The competition, sponsored by the Alliance for Young Artists & Writers, a nonprofit organization founded in 1994 to present the awards, includes more than 100 regional programs designed to recognize "the exceptional vision of our nation's youth" and to "provide a singular opportunity for students to be noticed for their creative talents," according to the competition website.
Students in grades seven to 12, from public, private or home schools, send in artwork for 28 categories.
Regional shows have three levels of recognition: Gold Key, Silver Key and honorable mention. Five of the Gold Key pieces are chosen as best of show and all Gold Key winners from each regional show are eligible to move on to a national competition.
National competition participants are eligible for scholarship money. The alliance provides $250,000 in scholarships annually, as well as funding for participating teachers, according to the website.
New Albany High School art teacher Juliette Montague said two students each have two pieces in the exhibit: Hannah Taylor and Abby Fox.
Taylor and Abby Robbertz each had a piece named a Gold Key winner.
Fox, Meghan Jayes, Juli Sasaki and Alison Schaffir all had Silver Key winners.
Honorable mentions went to Rebecca Brown, Fox, Riley Gundlach, Andrea Quach, Alyssa Seneviratne, Emily Sproule and Taylor.
Montague said the central Ohio region received 1,400 individual submissions from schools in Ashland, Delaware, Fairfield, Franklin, Hocking, Licking, Madison, Pickaway, Richland and Morrow counties. Of those, 138 pieces received an honorable mention, 68 were chosen for Silver Key awards and 50 were given Gold Key awards.
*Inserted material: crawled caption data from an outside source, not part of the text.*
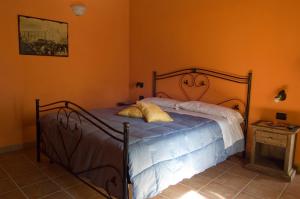 Ce lit se trouve dans une chambre dotée d'un mur orange. dans l'établissement La Casa nella Prateria, à Altomonte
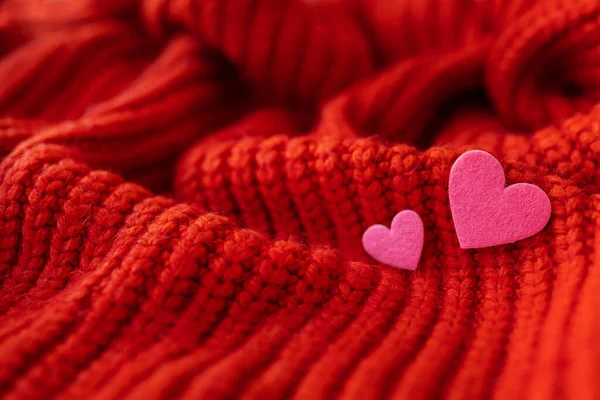stock image Decorative pink heart on a red knitted background, top view. Place for an inscription, horizontal photo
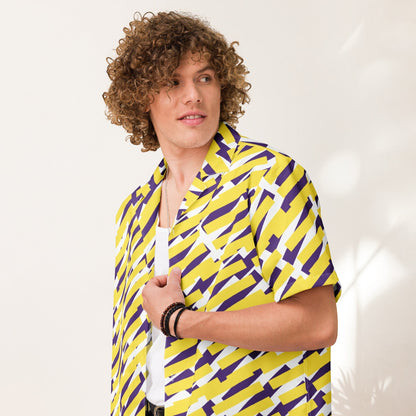 Good Wishes 365 short sleeve button down shirt with yellow and purple geometric print worn by a curly-haired man. All-over print, unisex button shirt, close side view.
"They tell you to choose what you think is your best work," said Seneviratne, a junior.
Taylor, a junior, said the students looked at previous winners' works on the competition website before choosing what to submit.
"It's supposed to show your growth as an artist," said Schaffir, a junior.
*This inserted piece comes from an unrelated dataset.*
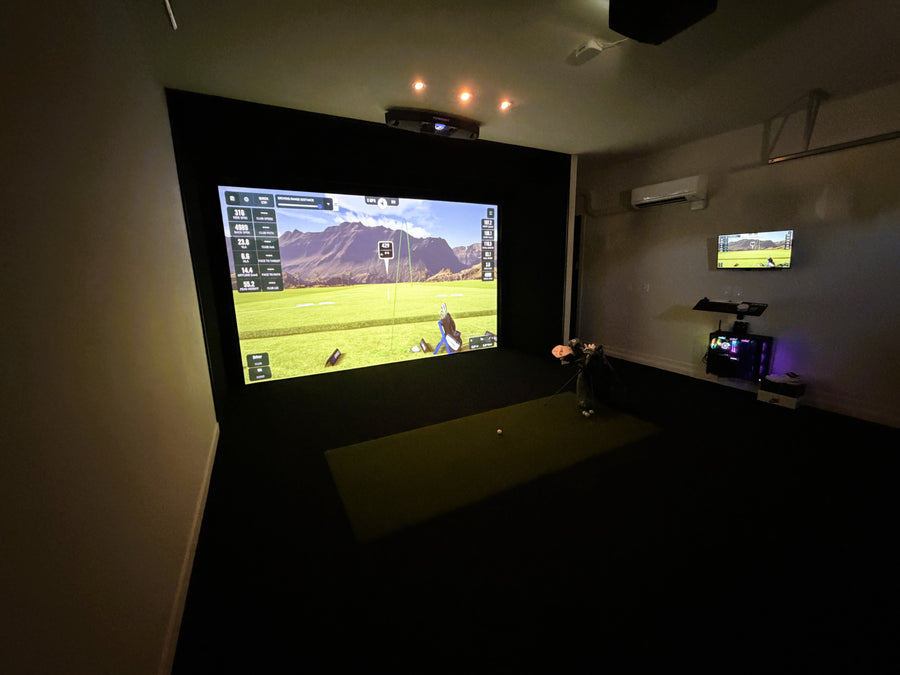 Indoor golf simulator setup with large screen displaying a golf course.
At least three of the students said they were interested in pursuing a career in art. Others said they probably would continue to create art, either as a hobby or something they incorporate into their careers.
"It won't be my career but I'd like to keep it in my life some way, maybe taking classes," Fox said.
Jayes, a senior who plans to study elementary education at the California University of Pennsylvania, said she hopes to teach English and history to fifth-graders, perhaps incorporating art in the learning process.
"They rely heavily on visuals at that age," Jayes said.